Energizing Class Struggles: Race, Gender, and Colonialism
We wish to energize class struggles, understanding that the class relationship
in contemporary capitalism is mediated by forms of oppression related to
gender, race, able-bodiedness and orientation, and is articulated with the
ongoing colonization of Indigenous peoples across lands and waters claimed
by Canada. At the same time, energetic class struggles are a variable historical
reality across the whole of society, in areas ranging from the arts to literary
studies to everyday economics in the home, the workplace and the community.
The University, too, is a site of sometimes-energetic, sometimes-waning class
struggle. On the one hand it reflects the relative dominance of the capitalist
class in radically unequal times, including the power of resource extraction
industries to shape university institutions and aims.
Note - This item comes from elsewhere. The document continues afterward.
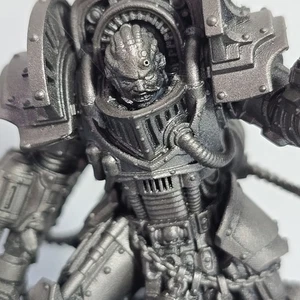 CHAOS PRIME IL CAVALIERE DI FERRO (30K) - Foto 1 di 8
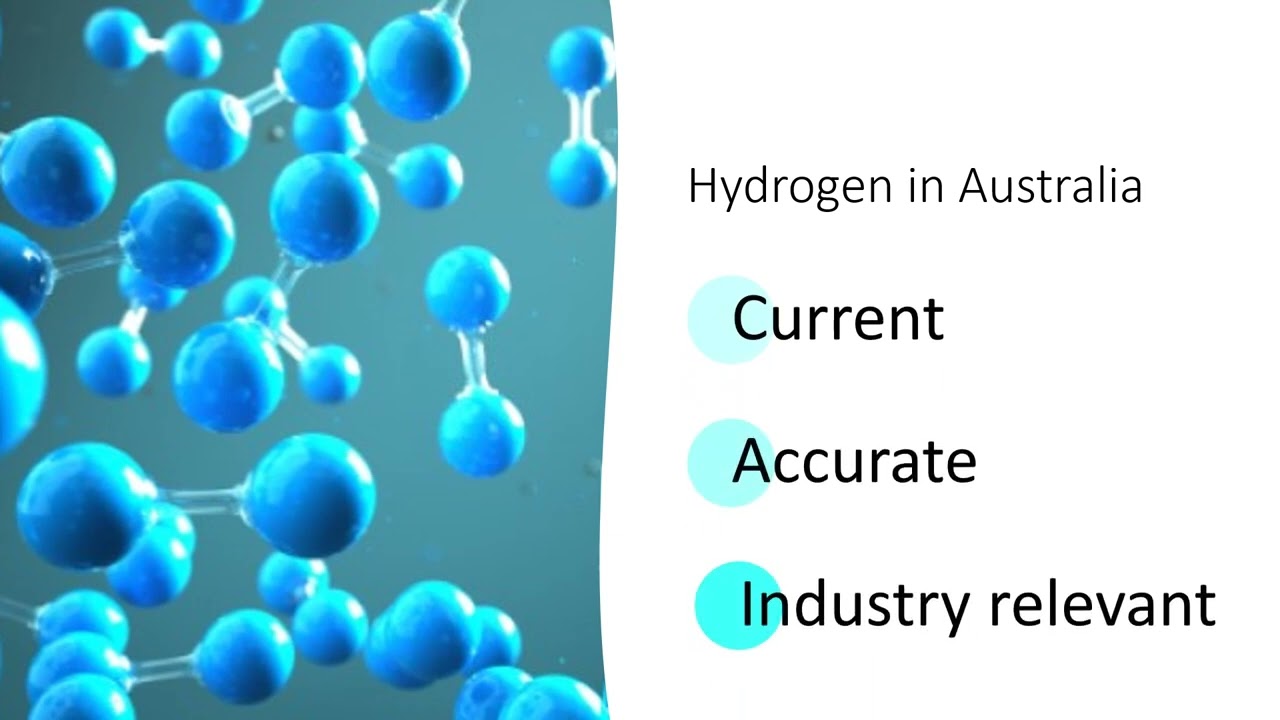 Hydrogen Fundamentals Micro-credential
On the other hand, the
working classes, women (and women-identified) and subaltern groups have
sought to challenge the expression of capitalist power in academia and
society more broadly. At least since the 1970s, diverse Indigenous peoples
have likewise sought simultaneously to ‘decolonize’ and ‘indigenize’ university
spaces as part of broader struggles of Indigenous self-determination and
liberation. In short, the working classes have never merely accepted their
domination but have always fought battles against the power of capital in very
unequal conditions. We consider energizing class struggles as a possibility – the
potential for revitalized struggles by and for equity-seeking groups, subaltern
classes and among diverse Indigenous peoples against an unjust colonialcapitalist
world system.
The theme of the 2016 CFHSS Congress is ‘Energizing Communities’. In our
attempt to Energize Class Struggles, the Society invites participants to critically
reflect upon the histories of vital class opposition. We call upon contributors to
think through the possibilities for re-energizing class and Indigenous struggles
in an historical moment of unprecedented capitalist class power.